· 7 min read ·

How Go's Compiler Learned to Move Slices Off the Heap

Source: go

The Go team published a post in late February 2026 titled Allocating on the Stack, walking through what the compiler has been doing to slice allocations across the 1.25 and 1.26 releases. Coming back to it now, a few weeks later, the details are worth sitting with. These aren’t headline features, but they represent a meaningful shift in what Go’s compiler can prove automatically, without touching any user code.

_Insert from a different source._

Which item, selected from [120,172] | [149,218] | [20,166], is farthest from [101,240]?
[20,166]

Why Heap Allocation Has a Real Cost

Every time Go allocates memory from the heap, the runtime does work. It finds the right size class (there are 67 of them, up to 32 KB), consults the per-P mcache, falls back to the mcentral or mheap if the cache is cold, and eventually the garbage collector reclaims that memory. Stack allocation sidesteps all of that. Memory comes from the goroutine’s existing stack frame at no real cost, and it disappears when the function returns.

Go’s FAQ captures the philosophy: from a correctness standpoint, you don’t need to know whether a variable is heap- or stack-allocated. But from a performance standpoint, the distinction matters, and the compiler uses escape analysis to make that determination.

The escape analysis is observable directly:

go build -gcflags='-m' ./...

This prints per-variable decisions like x escapes to heap or x does not escape. Each “does not escape” is a value that stays on the stack. The question, and the work the Go team has been doing, is how many of those decisions the compiler can get right.

The Slice Growth Problem

Slices are a struct with three fields: a pointer to a backing array, a length, and a capacity. The struct itself is small and often stack-allocated. The backing array is where heap allocations happen.

Consider the standard pattern:

func process(c chan task) {
    var tasks []task
    for t := range c {
        tasks = append(tasks, t)
    }
    processAll(tasks)
}

Before the recent improvements, each append that exceeded capacity triggered a new heap allocation. Go doubles slice capacity on growth, so the allocations look like: backing array of size 1, then 2 (size-1 array becomes garbage), then 4, then 8. The early allocations are short-lived garbage. Experienced Go developers learned to avoid this by pre-allocating:

func process2(c chan task) {
    tasks := make([]task, 0, 10)
    for t := range c {
        tasks = append(tasks, t)
    }
    processAll(tasks)
}

This works, but it requires knowing a reasonable bound. It also spreads allocation reasoning throughout the codebase.

What Go 1.25 Changed

Go 1.25 added two related optimizations for slice backing arrays.

The first case is constant-size make calls. When the capacity argument is a compile-time constant and the slice’s backing array doesn’t escape the function, the compiler allocates the backing array directly in the stack frame. The process2 example above, written with a constant capacity, now produces zero heap allocations. Nothing else changes; no annotations, no code rewrites.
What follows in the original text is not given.